Review: Christopher Bissonnette - Pitch, Paper & Foil
I can’t call Pitch, Paper & Foil an ambient record. Within the word “ambient” are implications of dependency and stasis. With “ambient”, I anticipate sound to behave like a mattress or a warm bath; catching me as I descend, embracing and retracting around the contours of my body. I feel much more uncertain inside Bissonnette’s latest work. The electronics flicker at the hands of bad wiring and jolt gently as though hit with a surge of excess voltage. Glimmered notes dim to black or slip behind fogs of static. Synth chords come covered in the fuzz of tape damage or poor capture. He invites the dramatic side of chance, deliberately founding his constructions on flimsy materials and perilously thin layers of adhesive. I find myself part-lulled by the soft synthesisers and gushes of reverb, and part-tense in the expectation that the entire soundscape may soon collapse upon my head in a rain of cotton, honey and halogen.

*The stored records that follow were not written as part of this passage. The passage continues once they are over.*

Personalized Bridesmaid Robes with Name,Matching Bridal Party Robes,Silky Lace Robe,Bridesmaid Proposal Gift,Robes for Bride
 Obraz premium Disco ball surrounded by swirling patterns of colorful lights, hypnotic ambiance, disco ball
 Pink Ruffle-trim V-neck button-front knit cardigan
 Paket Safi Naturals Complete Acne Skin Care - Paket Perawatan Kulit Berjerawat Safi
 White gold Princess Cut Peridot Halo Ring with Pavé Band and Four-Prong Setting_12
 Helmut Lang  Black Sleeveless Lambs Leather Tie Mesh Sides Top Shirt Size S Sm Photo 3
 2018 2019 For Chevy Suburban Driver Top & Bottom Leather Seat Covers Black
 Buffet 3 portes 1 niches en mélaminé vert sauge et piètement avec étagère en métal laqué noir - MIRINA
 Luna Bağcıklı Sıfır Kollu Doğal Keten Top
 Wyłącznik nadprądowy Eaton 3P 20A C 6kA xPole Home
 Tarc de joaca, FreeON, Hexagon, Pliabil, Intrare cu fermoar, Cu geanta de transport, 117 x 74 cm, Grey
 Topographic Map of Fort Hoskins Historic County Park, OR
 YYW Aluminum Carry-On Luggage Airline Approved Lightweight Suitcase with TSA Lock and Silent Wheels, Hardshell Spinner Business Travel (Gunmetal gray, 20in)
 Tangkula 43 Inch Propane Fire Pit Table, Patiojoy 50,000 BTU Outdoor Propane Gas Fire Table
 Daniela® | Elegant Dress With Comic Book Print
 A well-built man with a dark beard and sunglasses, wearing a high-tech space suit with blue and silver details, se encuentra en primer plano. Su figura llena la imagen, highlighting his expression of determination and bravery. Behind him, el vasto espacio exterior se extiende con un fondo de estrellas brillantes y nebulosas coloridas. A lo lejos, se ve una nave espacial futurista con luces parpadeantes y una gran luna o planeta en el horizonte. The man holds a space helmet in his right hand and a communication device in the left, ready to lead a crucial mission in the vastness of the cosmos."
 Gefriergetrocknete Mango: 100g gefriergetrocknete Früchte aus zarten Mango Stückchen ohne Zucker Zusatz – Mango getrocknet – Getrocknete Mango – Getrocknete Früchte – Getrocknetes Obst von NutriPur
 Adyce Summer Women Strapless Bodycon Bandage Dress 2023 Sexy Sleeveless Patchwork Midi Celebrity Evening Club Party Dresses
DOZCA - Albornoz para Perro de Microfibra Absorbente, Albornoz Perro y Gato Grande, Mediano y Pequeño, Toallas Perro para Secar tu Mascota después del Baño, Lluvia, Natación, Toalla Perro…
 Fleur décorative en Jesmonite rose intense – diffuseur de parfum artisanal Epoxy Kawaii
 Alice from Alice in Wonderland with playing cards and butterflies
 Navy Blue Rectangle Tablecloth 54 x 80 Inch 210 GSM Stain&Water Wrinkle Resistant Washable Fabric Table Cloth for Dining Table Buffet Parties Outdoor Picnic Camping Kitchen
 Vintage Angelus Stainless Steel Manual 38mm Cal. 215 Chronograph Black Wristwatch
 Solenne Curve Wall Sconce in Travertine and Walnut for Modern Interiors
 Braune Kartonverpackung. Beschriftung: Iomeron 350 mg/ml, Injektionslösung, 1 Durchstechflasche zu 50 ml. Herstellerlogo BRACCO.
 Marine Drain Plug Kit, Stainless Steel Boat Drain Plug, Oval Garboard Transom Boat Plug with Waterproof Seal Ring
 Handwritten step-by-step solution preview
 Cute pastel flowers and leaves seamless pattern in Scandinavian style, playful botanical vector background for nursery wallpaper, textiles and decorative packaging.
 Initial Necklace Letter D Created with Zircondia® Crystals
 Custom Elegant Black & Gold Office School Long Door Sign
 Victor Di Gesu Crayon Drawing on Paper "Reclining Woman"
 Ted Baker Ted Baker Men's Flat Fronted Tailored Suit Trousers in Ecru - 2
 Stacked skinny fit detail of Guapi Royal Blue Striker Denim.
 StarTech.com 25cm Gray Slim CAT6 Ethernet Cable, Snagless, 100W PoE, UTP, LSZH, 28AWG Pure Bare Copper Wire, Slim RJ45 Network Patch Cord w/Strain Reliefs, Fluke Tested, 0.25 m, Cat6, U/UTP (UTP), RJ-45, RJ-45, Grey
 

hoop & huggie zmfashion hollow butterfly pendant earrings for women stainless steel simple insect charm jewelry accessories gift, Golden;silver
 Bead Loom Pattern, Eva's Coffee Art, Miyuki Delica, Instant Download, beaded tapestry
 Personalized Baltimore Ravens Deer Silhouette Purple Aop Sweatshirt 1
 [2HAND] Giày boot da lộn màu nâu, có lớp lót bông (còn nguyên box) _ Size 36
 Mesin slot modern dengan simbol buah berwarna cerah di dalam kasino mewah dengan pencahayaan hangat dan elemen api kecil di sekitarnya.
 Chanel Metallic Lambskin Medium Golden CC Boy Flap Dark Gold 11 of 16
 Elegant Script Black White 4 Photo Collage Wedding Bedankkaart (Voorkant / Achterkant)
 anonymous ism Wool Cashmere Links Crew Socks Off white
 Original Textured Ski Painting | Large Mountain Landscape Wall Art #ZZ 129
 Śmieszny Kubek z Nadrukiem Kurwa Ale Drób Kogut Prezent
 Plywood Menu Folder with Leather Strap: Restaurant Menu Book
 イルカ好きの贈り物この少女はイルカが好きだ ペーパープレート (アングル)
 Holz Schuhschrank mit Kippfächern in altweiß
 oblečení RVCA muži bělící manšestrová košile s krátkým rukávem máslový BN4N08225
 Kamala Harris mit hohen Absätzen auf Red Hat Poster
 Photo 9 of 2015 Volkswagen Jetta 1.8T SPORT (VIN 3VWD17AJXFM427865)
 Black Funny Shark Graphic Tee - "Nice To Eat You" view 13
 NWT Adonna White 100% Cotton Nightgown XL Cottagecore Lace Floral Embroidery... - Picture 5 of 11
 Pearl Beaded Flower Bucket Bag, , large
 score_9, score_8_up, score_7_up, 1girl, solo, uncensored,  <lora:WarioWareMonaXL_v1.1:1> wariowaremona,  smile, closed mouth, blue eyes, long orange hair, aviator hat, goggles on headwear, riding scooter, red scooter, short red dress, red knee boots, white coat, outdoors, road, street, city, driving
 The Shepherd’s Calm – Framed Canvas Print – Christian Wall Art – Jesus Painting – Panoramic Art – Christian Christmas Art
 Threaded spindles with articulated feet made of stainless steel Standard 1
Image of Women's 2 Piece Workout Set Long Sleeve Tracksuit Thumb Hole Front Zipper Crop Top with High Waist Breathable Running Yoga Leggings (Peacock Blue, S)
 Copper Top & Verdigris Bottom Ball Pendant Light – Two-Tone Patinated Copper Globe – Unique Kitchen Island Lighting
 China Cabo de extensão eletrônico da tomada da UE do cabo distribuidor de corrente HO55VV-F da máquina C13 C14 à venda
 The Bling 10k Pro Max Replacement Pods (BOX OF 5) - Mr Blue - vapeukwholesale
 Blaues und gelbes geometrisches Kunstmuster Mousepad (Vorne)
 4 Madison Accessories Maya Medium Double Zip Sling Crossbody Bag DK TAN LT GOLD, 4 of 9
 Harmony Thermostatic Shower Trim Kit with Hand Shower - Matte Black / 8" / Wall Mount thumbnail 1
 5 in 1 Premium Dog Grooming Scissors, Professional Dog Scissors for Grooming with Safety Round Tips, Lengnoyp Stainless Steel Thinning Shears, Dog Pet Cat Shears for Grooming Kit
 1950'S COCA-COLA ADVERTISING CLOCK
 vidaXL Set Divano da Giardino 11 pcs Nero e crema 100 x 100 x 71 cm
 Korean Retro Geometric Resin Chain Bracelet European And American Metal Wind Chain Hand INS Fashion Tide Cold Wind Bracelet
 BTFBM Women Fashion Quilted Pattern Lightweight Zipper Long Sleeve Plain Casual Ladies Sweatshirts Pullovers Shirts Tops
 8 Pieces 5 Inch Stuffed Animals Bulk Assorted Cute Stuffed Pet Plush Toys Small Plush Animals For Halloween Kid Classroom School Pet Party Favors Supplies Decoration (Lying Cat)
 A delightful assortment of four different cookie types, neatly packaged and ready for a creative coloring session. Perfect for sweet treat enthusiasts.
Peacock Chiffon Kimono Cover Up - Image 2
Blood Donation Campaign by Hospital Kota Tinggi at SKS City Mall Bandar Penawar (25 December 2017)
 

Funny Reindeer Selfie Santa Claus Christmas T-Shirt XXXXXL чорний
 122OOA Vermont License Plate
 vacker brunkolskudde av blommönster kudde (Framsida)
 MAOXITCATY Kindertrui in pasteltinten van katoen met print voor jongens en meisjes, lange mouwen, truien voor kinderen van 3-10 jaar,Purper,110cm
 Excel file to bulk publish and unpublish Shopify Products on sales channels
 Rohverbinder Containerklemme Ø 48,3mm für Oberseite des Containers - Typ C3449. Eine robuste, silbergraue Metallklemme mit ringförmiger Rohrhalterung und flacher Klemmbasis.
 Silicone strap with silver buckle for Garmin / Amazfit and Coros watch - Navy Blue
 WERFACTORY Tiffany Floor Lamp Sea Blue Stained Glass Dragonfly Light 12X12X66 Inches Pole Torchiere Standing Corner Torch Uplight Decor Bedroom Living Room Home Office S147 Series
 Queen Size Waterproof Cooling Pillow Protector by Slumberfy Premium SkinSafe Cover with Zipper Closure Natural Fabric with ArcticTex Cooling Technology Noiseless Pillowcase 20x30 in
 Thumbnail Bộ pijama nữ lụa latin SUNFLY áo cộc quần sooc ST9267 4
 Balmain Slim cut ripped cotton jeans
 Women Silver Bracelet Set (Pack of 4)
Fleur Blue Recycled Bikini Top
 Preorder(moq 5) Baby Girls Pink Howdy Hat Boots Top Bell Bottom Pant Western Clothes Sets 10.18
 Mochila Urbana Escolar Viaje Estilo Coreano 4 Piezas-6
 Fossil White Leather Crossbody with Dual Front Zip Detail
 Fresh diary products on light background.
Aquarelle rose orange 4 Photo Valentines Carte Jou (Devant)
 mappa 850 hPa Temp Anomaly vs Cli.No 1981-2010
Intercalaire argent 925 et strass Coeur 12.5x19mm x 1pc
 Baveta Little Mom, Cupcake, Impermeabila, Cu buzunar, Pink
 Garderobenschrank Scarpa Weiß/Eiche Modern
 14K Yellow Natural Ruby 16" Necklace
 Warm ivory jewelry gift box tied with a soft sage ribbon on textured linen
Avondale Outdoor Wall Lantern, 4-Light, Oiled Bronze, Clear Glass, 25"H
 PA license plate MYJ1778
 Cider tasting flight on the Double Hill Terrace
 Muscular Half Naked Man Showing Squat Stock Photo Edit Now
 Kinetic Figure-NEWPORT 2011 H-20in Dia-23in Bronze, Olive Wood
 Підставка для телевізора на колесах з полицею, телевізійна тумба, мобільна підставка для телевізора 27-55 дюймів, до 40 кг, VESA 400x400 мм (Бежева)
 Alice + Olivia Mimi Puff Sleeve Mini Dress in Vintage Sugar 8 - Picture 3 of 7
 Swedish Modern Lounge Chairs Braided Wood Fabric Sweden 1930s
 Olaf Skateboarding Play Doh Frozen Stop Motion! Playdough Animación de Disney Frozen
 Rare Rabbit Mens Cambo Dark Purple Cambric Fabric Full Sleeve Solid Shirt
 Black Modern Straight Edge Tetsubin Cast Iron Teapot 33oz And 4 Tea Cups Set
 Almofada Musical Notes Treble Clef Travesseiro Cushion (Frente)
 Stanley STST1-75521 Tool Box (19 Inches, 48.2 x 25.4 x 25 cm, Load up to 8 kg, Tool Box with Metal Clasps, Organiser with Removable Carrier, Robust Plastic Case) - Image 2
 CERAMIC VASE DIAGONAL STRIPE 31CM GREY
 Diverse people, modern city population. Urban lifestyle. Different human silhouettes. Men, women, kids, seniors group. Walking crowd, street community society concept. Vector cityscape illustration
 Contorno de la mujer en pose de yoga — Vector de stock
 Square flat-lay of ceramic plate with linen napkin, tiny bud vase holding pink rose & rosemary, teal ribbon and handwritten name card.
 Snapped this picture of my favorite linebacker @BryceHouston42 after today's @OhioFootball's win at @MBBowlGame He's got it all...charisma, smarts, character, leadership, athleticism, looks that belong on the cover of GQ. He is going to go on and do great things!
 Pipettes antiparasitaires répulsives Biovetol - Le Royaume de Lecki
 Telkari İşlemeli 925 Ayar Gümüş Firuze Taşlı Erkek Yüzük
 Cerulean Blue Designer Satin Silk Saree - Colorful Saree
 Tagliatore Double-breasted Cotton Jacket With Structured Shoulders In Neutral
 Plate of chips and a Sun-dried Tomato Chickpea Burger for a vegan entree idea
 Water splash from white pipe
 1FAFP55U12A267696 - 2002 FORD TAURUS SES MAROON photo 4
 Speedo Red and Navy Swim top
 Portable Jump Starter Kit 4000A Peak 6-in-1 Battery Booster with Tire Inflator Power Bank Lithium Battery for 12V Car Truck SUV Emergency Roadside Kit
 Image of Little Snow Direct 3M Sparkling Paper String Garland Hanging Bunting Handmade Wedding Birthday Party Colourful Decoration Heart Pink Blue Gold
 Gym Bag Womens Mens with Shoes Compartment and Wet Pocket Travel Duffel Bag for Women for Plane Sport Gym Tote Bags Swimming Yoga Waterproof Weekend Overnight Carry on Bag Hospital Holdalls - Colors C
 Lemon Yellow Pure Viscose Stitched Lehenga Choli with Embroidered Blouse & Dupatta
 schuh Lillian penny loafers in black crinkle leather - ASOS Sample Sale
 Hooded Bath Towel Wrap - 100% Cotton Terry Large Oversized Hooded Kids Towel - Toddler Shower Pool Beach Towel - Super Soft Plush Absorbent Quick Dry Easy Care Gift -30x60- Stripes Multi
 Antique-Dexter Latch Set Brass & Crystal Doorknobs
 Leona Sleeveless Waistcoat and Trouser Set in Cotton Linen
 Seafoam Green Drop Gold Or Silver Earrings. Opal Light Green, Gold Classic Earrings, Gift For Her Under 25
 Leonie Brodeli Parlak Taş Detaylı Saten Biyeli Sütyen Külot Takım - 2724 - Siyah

He also orchestrates a very strange, almost hallucinatory depth of field. It’s undoubtedly a three-dimensional record (particularly when I’m trapped inside the globe of low hums and sudden twinkles on “Shuttering Slides”), but the foreground is forever zooming to the back, while the tiny intricacies of the horizon become glints of light trapped in my eyelashes. It’s not a nauseating experience – rather, it’s deft and mercurial, causing me to call my own perceptual abilities into doubt rather than acknowledge the inherent disorientation of Bissonnette’s world. There is a cyclonic chaos to this record, although when encased in such caressing synthesis, you’d be forgiven for failing to look for it.